Choi Kwang Do
- Also known as: CKD
- Focus: Striking
- Country of origin: United States^{[citation needed]}
- Official website: http://www.choikwangdo.com

= Choi Kwang Do =

Martial art

Choi Kwang Do is a martial art developed by Grandmaster Kwang Jo Choi (Choi Kwang-jo) between 1978 and 1987. The style relies on bent legs and arms when striking, combined with hunched up postures. Choi Kwang Do's syllabus consists almost entirely of forms with little to no pressure testing nor contact sparring.

==History==
Choi Kwang Do was founded by Choi Kwang-jo on March 2, 1987. Choi Kwang-jo was born in South Korea before emigrating to United States in the early 1970s. Choi was a successful ITF Tae Kwon Do practitioner and trainer (serving as a chief instructor) before establishing his own style.

While teaching and demonstrating ITF Tae Kwon Do in South East Asia, Choi Kwang-jo became injured through his training and demonstrations to the point where he was unable to continue with the discipline. So he left Malaysia (where he was demonstrating at the time) for North America, in the hope of finding orthopedic surgeons who would be able to help with his injuries. Determining that the injuries were caused by the way he was performing martial arts, Choi undertook rehabilitative exercises, attended various seminars and studied techniques for rehabilitation. Choi incorporated these techniques into his own fighting style, and from that he developed Choi Kwang Do.

Today, Choi Kwang Do is headquartered in Atlanta, Georgia by one organization and Temperance, Michigan by another organization. It is taught in numerous countries including the United Kingdom with schools in England, Scotland and Wales, and Puerto Rico with schools in Guaynabo, Las Piedras, Caguas and San Lorenzo, Malaysia and Argentina, among others.

==Style and training==

Choi Kwang Do emphasizes the use of biomechanics, and to employ a number of modern disciplines, such as kinesiology and psychology, in its design. The result is a tendency towards the use of natural bilateral movement and fluid sequential motion to develop optimum force on impact to place less pressure on the joints. The style also incorporates breathing and stretching exercises from yoga.

Choi Kwang Do is a non-competitive martial art with no pressure testing (participants are instead encouraged to measure their success against their own past milestones), but for a natural and effective response to everyday stimuli and training is a mix of contact drills using pads and shields, non-contact drills and "in-fighting" close-quarter drills. Therefore, the pacifist can also practice Choi Kwang Do, as the ideals focus on self development, be it physical health goals, self confidence or preparation for self defence situation. It does not rely on mass to create strength, making it accessible to women and children as well as men.

== Health considerations ==
A 2018 injury survey found that the annual rate of injury is 11.73 for every 100 Choi Kwang Do practitioners meaning it is a "safe martial art that adults of all ages can participate in", with no correlation between the length of training experience and injury.
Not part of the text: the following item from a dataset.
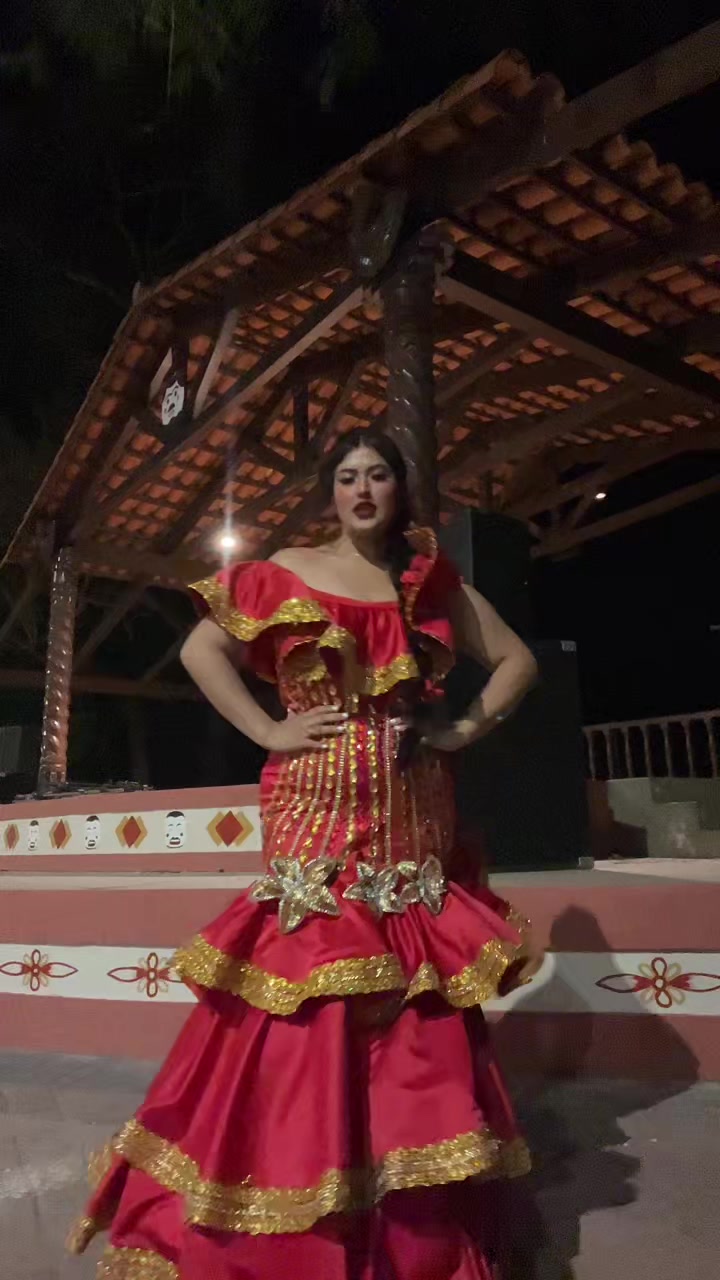 @𝒦𝓂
The most common causes of injury were cited as improper technique and overexertion.

==Practitioners==
Notable practitioners of the Choi Kwang Do style include:
- Choi Kwang-jo (founder) – inducted into the Taekwondo Times Magazine Hall of Fame, 2006.
- Lynne Russell – Deputy Sheriff, Private Investigator and author of How to Win Friends, Kick Ass and Influence People.
- Catriona Gray – Miss Universe 2018, and Filipino television host, singer, model, and stage actress.

==Grading system==
Choi Kwang Do uses a system of colored belts for ranking. Each color rank also has a corresponding "Senior" rank which is differentiated with a horizontal black stripe through the middle of the belt. For black belt ranks, a dan system is used from 1st through 9th dan. The rank of 9th dan is only held by Choi Kwang-jo.

Belt System
| White |  |
White Senior
| Yellow |  |
Yellow Senior
| Gold |  |
Gold Senior
| Orange |  |
Orange Senior
| Green |  |
Green Senior
| Blue |  |
Blue Senior
| Purple |  |
Purple Senior
| Red |  |
Red Senior
| Brown |  |
Brown Senior
| Black |  |

== Criticism ==
Choi Kwang Do has been criticised for claiming it is "proven" to be the most effective martial arts system in the world (as claimed on the CKD official website). Choi Kwang Do has never been able to substantiate this claim yet.

Due to the claims that Choi Kwang Do is the most effective martial art, it has drawn criticism in online forums.